Es war wieder einmal angerichtet: Die NOAH 2016 zog 3.000 Entscheider, Investoren Gründer nach Berlin, die die digitale Ökonomie voranbringen wollen. Der Anteil der Start-ups an unserer Wirtschaft wird immer größer und einflussreicher. Besonders in der Hauptstadt: „Alle 20 Stunden wird derzeit in Berlin ein Start-up gegründet“, erklärte Jens Müffelmann, CEO von Axel Springer Ventures. Auch wenn bei diesem Event das Networking im Vordergrund stand – die Vorträge waren eher mäßig besucht – gab es viel interessantes mitzunehmen.

Astronomische Bewertungen

Spannend war der Einblick von Star-Investor Klaus Hommels. Mit der Aussage: „Blasen sind was Gutes“ hat die Zuhörer an seinen Lippen – zumal seit Monaten vor einer Silicon Valley Start-up Blase gewarnt wird. Allein 2015 sind 44 Milliarden Dollar in Start-ups gepumpt worden. Zum Vergleich: Im Jahr zuvor waren es nur 13 Milliarden Dollar! Somit kommen astronomische Bewertungen zustande.
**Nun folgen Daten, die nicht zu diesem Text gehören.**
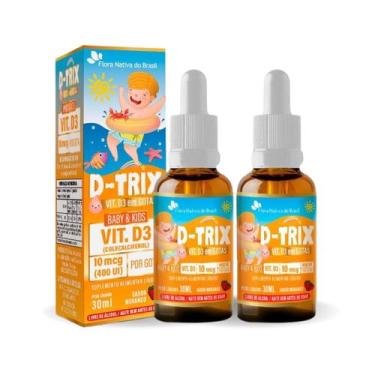 Imagem de Kit 2 Vitamina D DTRIX Kids Gotas Sabor Morango 30ml Flora Nativa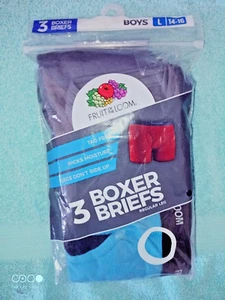 Boys Regular Cotton Boxer Briefs Fruit Of The Loom 3 Pack Large 14-16 Dated 2018 - Picture 1 of 3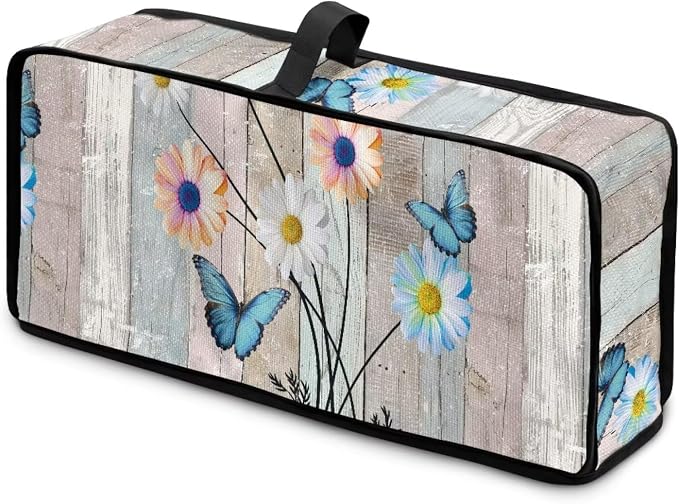 Slim Toaster 2 Slice Compact Thin Cover for 2 Slice Slim Toaster, Butterfly Daisy Dust Covers for Kitchen Appliances, Easy to Fold and Carry Water-Resistant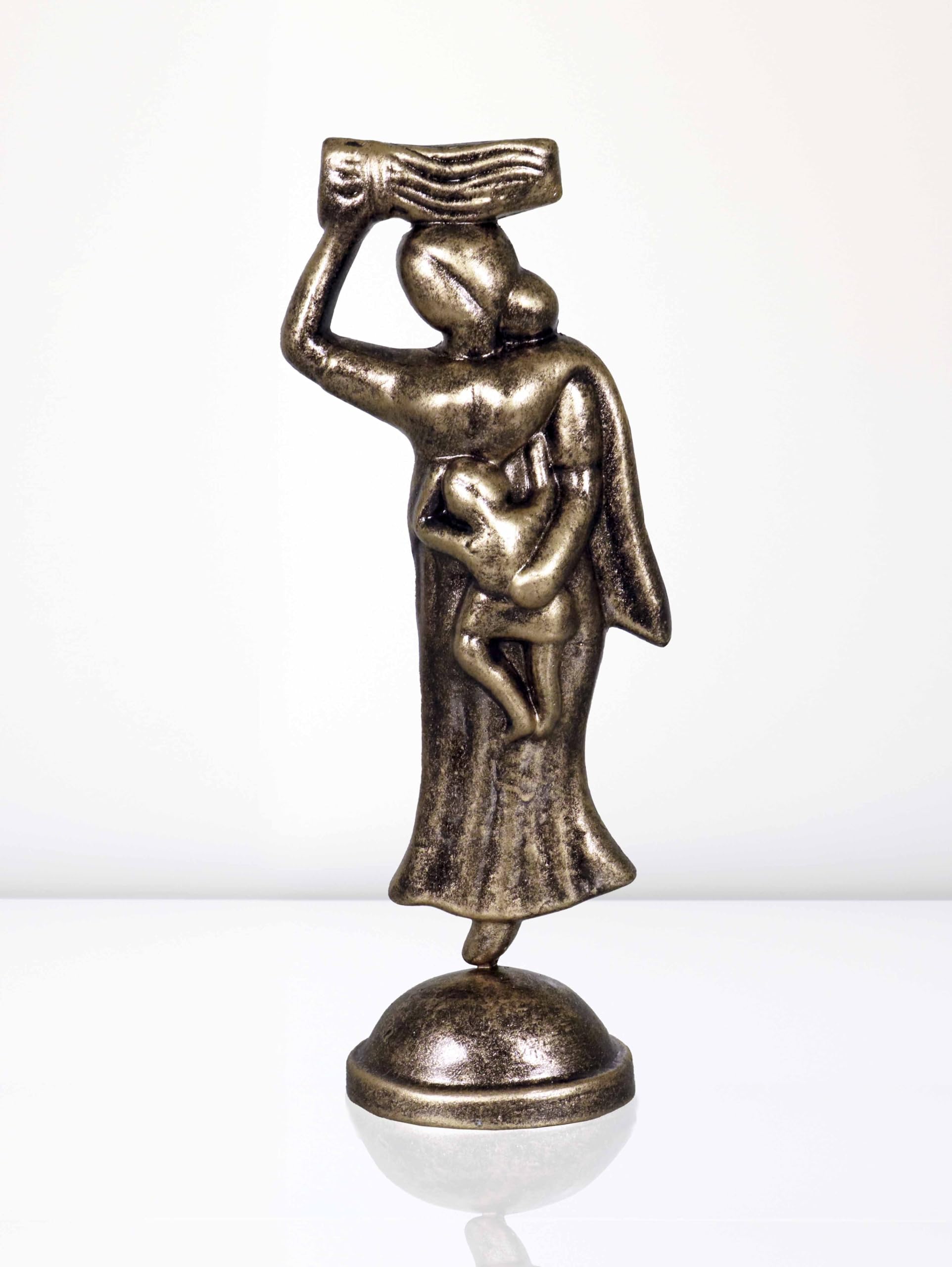 Niharika Collections Handmade Clay Terracotta Abstract Sculpture Farmer Mother Idol for Gifts and Décor (Metallic Golden)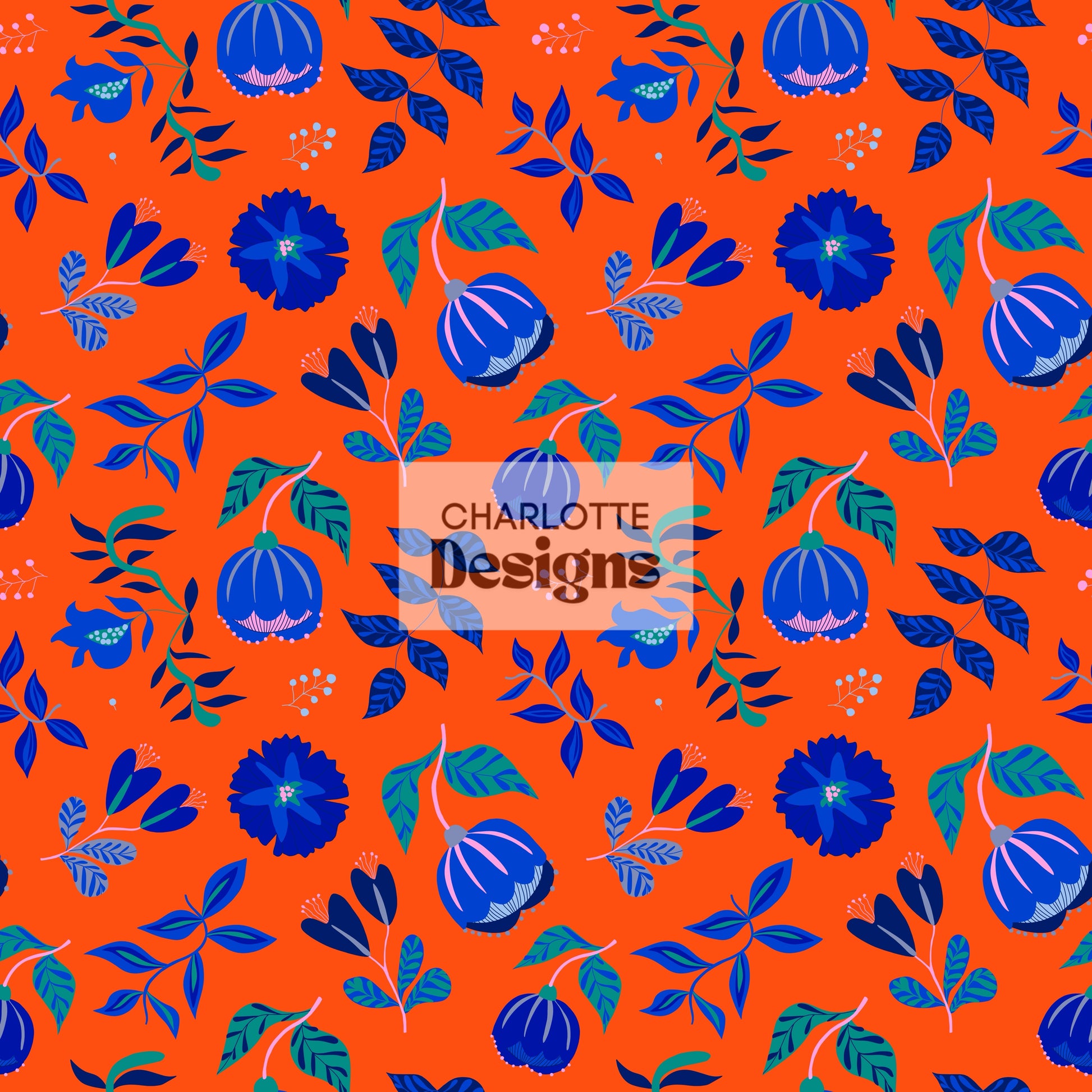 Otomi™ Orange Print by Charlotte Designs | Vibrant Art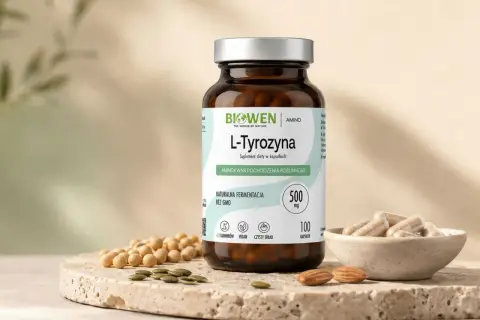 Suplement L-Tyrozyna od Biowen, wsparcie w walce z depresją. Naturalna fermentacja, wegański skład.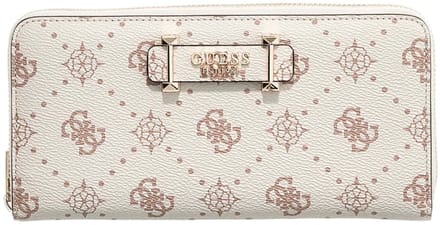 GUESS portemonnee Carrie Logo Large Zip Around Wallet Vanilla Logo crème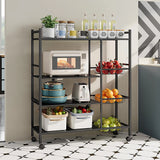 4-Laags Metalen Keukenrek met Wielen en 3 Zijmanden – Zwart – 80 × 32 × 108,5 cm – Magnetron Rek met Opslagplanken en Moderne Industriële Look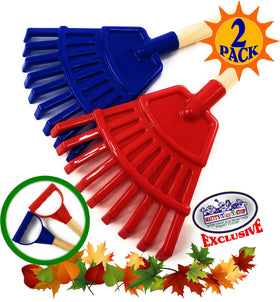 Matty's Toy Stop rake head 9x8 closeup, simplifies gathering leaves and twigs.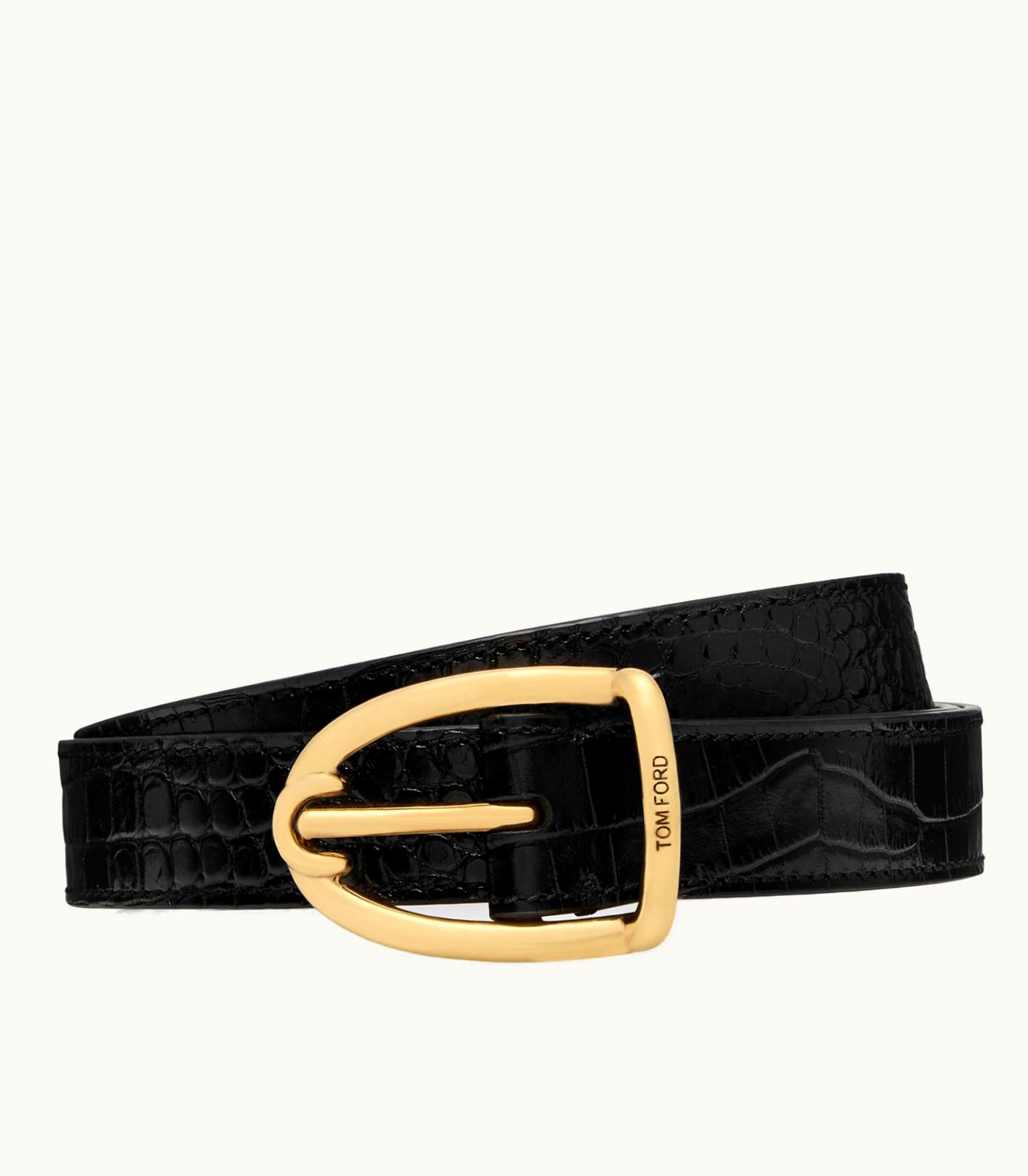 Tom Ford Tom Ford Angled Buckle Belt Luxurious Leather Brass Gold Galvanization Black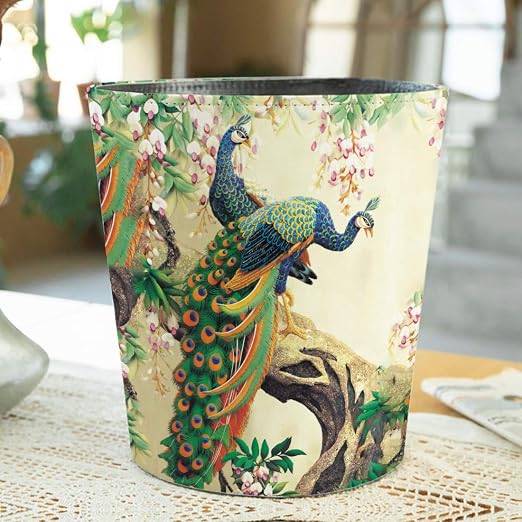 10L/2.64 Gallon Trash Can, Decorative Waste Basket, PU Leather Waste Paper Basket, Waterproof Garbage Can for Bathroom, Bedroom, Office, Kitchen and Living Room - Peacock-4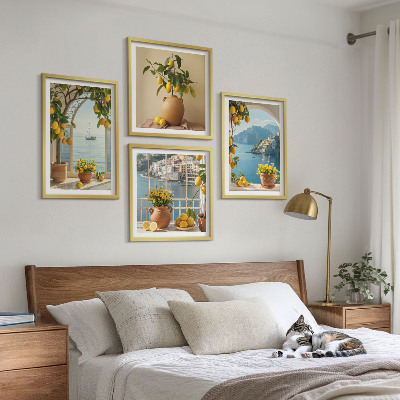 4 paveikslų rinkinys su rėmais Jūros miesto citrinų žiedai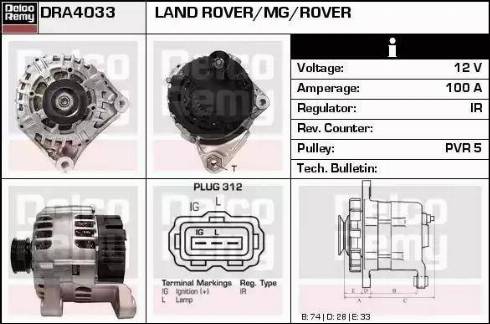 Remy DRA4033 - Alternator autospares.lv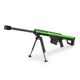 Galaxy G31 M82A1 Bolt Action Airsoft Sniper Rifle in Green & Black shown at a profile angle with bipod extended.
Zum Beispiel werden das Taxi-Unternehmen Uber derzeit auf 68 Milliarden Dollar oder das soziale Netzwerk Snapchat auf 20 Milliarden Dollar taxiert. Platzt die Blase, würde es die Old Economy mitreißen – so die Befürchtung.

Das nächste große Ding

Hommels, der schon mit frühen Investionen in Facebook, Skype oder Sponify den richtigen Reicher bewiesen hat, will davon nichts wissen. „Blasen sind gut, weil sie privates Kapital für Investitionen in wirklich bedeutende Infrastruktur-Firmen freisetzen.“ Er zielt damit auf Firmen, die die Basis für die Digitalisierung darstellen. Denn Google, Amazon und Netflix seien während der Dotcom-Blase um das Jahr 2001 entstanden. Es sei noch Platz im Reigen der großen Unternehmen, wie Facebook und Co. Das nächste große Ding habe sich allerdings noch nicht herauskristallisiert.

NOAH 2016
Nicht mehr die digitale Welt ist der Pulse-Geber, sondern die „echte“ Welt: Delivery Hero will die Essens-Lieferdienst e weltweit durchschütteln.

 

Info-Splitter

Mobilität: Uber Chef Travis Kalanick sprach mit Daimler Chef Dieter Zetsche über Mobilität. Dass Uber sobald in das Bauen von Autos einsteigen wird, räumte er mit folgendem Satz aus: „Just go to a German manufacturing facility and you will very quickly realize you do not want to make cars.“ Deswegen bemühe er sich um Kooperationen mit den Herstellern. Übrigens sieht Kalanick Carpooling als das nächste große Ding an.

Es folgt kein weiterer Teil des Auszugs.